• _Work required_
In your copy, each line below is repeated exactly and no image appears.

++++ Supplied data

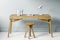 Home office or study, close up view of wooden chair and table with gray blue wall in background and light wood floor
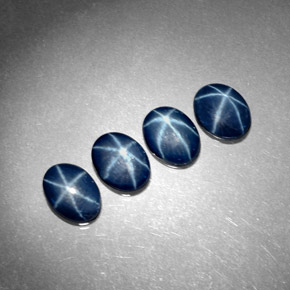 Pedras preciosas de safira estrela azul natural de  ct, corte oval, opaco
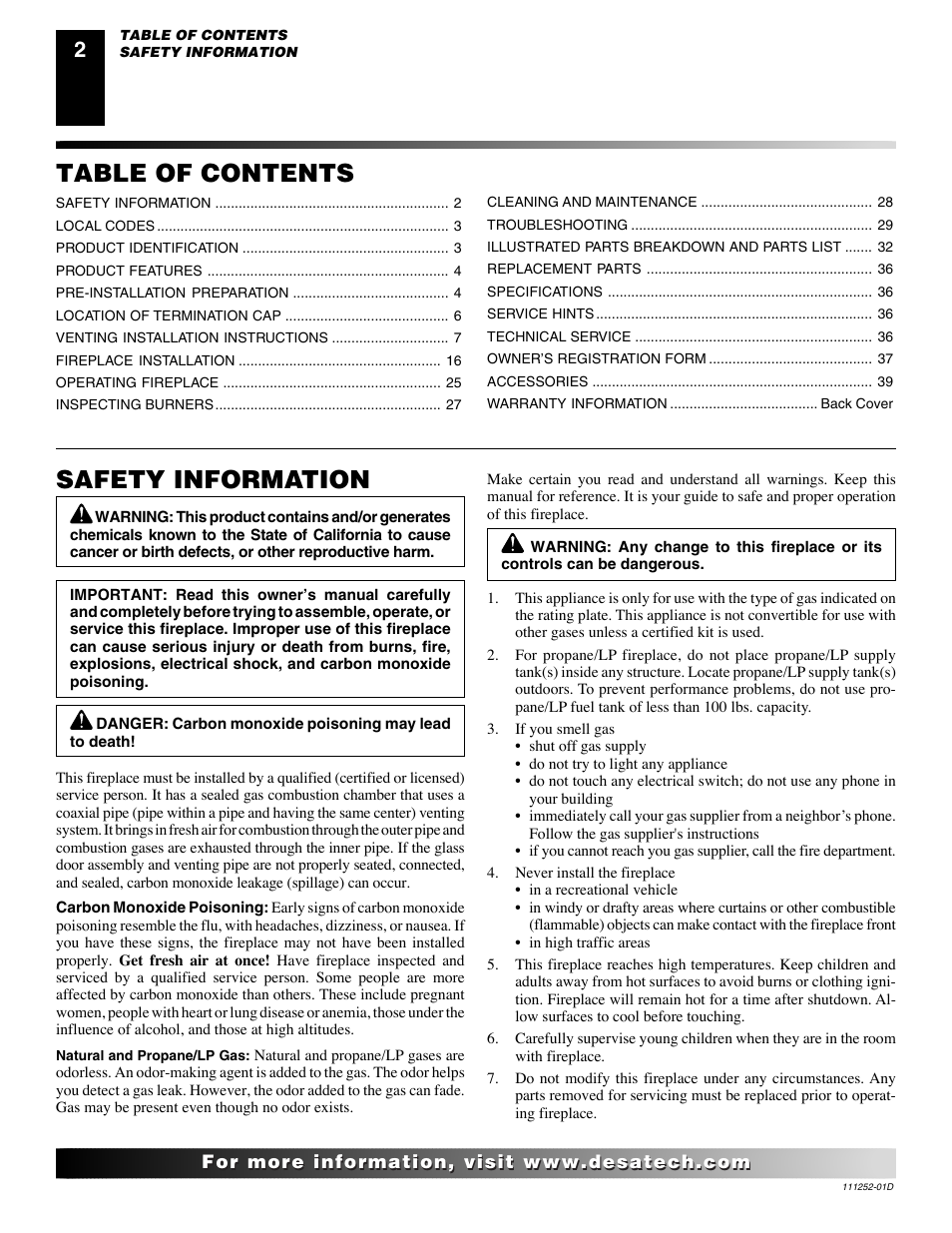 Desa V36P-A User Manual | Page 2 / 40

++++++++

• _Response_
 Home office or study, close up view of wooden chair and table with gray blue wall in background and light wood floor
 Pedras preciosas de safira estrela azul natural de  ct, corte oval, opaco
 Desa V36P-A User Manual | Page 2 / 40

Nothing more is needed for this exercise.